Detection runs entirely inside the Airflow API-server process, started by the plugin's FastAPI lifespan. A background scheduler fires every schedule_interval_minutes; across multiple API-server replicas a database advisory lock plus a last-run check ensures only one cycle runs per interval. Both the detectors and the dashboard read the metadata DB directly here — the sanctioned place for it in Airflow 3 — so nothing ever runs in a worker task.

flowchart TD
    subgraph api["Airflow API server (FastAPI plugin)"]
        direction TB
        timer["Background scheduler<br/><i>every N min · advisory-locked</i>"]

        subgraph det["Detectors"]
            runtime["Runtime"]
            failure["Failure"]
            deadline["Deadline"]
            stuck["Stuck"]
            schedule["Schedule"]
        end

        timer --> det
        det --> alerting["Alerting<br/><i>Log / Email / Slack / Teams / Discord</i>"]
        det --> var[("Variable<br/>watchdog_last_results")]
        var --> dashboard["/watchdog/ Dashboard"]
    end

    db[("Metadata DB<br/><i>dag_run · task_instance</i>")] -.read.-> det
    db -.read.-> dashboard

Detection methods

Runtime anomaly (IQR): For each (dag_id, task_id), the detector computes Q1, Q3, and IQR from the last N successful runs. If the most recent duration falls outside [Q1 - 1.5×IQR, Q3 + 1.5×IQR], it's flagged. This is more robust than z-score because outliers don't skew the baseline.
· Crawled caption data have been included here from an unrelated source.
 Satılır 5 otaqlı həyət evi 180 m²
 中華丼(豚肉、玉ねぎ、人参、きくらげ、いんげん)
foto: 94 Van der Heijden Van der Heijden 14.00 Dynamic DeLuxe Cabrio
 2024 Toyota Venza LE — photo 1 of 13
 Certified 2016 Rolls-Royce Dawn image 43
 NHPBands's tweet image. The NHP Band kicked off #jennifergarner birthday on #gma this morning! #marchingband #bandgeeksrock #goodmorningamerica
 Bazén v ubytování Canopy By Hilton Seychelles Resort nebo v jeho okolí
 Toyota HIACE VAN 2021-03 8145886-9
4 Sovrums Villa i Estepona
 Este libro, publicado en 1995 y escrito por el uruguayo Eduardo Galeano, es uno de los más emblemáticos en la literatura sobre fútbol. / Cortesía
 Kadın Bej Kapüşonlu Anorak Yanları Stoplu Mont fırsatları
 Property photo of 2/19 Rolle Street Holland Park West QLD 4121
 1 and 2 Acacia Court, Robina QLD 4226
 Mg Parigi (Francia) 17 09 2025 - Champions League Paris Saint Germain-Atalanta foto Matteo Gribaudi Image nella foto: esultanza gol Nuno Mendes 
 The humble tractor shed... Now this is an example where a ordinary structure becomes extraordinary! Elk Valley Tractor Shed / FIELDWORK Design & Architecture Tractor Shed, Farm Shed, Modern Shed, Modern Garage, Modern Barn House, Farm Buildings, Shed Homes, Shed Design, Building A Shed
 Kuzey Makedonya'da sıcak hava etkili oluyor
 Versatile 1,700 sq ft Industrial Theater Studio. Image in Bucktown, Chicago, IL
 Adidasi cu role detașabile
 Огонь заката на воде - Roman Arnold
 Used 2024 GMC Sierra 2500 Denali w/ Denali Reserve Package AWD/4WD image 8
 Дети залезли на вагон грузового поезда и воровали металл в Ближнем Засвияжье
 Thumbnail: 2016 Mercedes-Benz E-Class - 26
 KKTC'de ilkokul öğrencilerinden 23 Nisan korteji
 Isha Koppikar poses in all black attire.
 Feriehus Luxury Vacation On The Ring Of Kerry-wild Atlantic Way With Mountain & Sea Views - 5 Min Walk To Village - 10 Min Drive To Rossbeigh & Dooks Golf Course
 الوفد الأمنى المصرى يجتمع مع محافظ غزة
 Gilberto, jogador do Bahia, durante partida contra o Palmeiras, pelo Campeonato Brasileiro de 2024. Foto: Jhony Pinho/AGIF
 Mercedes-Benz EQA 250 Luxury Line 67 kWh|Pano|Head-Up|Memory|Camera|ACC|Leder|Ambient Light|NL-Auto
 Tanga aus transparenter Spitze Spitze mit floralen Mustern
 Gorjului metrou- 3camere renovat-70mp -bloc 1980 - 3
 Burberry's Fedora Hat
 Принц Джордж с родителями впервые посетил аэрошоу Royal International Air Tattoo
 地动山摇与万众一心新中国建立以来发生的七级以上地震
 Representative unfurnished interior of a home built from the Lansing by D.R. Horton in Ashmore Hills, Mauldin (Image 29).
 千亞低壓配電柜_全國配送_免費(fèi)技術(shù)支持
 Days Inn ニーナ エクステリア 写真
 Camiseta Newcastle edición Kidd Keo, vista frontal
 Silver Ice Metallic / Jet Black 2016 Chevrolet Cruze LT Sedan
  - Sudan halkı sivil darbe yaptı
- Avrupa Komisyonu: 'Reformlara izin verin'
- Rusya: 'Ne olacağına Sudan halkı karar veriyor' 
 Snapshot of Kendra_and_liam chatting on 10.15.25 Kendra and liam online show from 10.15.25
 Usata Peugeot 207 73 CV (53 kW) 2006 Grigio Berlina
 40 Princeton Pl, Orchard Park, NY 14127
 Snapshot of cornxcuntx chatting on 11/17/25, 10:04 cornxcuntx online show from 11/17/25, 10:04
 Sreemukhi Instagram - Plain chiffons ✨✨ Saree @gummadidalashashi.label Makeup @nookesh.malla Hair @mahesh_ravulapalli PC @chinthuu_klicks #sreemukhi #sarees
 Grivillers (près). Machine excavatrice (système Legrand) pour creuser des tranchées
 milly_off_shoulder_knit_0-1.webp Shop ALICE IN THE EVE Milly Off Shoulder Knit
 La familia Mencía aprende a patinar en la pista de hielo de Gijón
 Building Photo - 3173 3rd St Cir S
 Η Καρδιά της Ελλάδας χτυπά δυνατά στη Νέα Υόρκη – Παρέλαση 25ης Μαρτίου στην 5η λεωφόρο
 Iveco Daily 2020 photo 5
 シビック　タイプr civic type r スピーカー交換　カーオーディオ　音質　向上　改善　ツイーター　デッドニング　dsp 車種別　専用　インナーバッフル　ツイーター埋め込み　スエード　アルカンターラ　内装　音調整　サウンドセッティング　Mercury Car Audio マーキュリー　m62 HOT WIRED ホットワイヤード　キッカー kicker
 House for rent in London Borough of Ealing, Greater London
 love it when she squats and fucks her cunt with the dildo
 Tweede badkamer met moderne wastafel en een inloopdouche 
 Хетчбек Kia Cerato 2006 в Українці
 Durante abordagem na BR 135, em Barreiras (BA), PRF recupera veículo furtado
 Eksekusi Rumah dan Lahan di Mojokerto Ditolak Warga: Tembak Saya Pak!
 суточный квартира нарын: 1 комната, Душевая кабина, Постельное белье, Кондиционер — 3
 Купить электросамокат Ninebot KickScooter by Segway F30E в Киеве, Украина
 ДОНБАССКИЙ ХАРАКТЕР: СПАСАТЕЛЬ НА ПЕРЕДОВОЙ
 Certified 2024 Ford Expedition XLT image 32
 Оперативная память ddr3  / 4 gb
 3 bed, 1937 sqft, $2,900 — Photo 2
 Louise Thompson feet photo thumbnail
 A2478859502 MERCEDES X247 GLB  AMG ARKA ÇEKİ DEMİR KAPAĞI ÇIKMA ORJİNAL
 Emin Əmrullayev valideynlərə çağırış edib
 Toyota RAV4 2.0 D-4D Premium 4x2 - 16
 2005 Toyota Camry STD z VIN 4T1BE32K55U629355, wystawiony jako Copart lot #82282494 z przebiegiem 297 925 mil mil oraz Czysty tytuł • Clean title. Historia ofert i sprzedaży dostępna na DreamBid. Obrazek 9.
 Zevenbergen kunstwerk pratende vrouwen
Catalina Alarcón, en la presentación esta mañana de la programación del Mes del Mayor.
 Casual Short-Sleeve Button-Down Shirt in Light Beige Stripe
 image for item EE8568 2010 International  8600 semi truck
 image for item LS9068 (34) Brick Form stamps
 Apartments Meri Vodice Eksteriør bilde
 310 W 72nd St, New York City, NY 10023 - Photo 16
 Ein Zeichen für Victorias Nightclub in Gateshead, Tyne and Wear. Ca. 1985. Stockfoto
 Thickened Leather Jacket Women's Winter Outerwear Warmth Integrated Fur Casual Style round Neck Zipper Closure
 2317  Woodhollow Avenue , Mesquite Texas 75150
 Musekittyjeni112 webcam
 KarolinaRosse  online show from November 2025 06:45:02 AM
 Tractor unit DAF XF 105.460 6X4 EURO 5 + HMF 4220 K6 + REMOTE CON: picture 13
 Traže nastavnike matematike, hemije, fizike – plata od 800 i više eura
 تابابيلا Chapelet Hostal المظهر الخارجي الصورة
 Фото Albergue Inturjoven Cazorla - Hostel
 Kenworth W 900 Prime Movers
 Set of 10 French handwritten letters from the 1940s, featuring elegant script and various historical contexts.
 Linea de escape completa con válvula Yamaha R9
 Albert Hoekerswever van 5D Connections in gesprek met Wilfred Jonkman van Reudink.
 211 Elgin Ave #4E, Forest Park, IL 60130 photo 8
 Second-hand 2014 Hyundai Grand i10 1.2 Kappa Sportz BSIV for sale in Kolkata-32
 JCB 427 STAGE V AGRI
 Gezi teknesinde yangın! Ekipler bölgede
Failure spike: Compares the failure rate in the last 10 runs against the rate over the preceding baseline runs (the baseline excludes the recent window, so a fresh spike doesn't dilute its own reference point). If the recent rate exceeds 2× baseline, it fires. Also catches DAGs that suddenly start failing when they historically never did.

Missed deadline: Checks currently-running DAG runs and compares their elapsed time against 2× median historical duration. Catches DAGs that are silently hanging.

Stuck task: Checks currently-running task instances against 2× historical max duration for that specific task. Catches zombie tasks, hung queries, and unresponsive external calls.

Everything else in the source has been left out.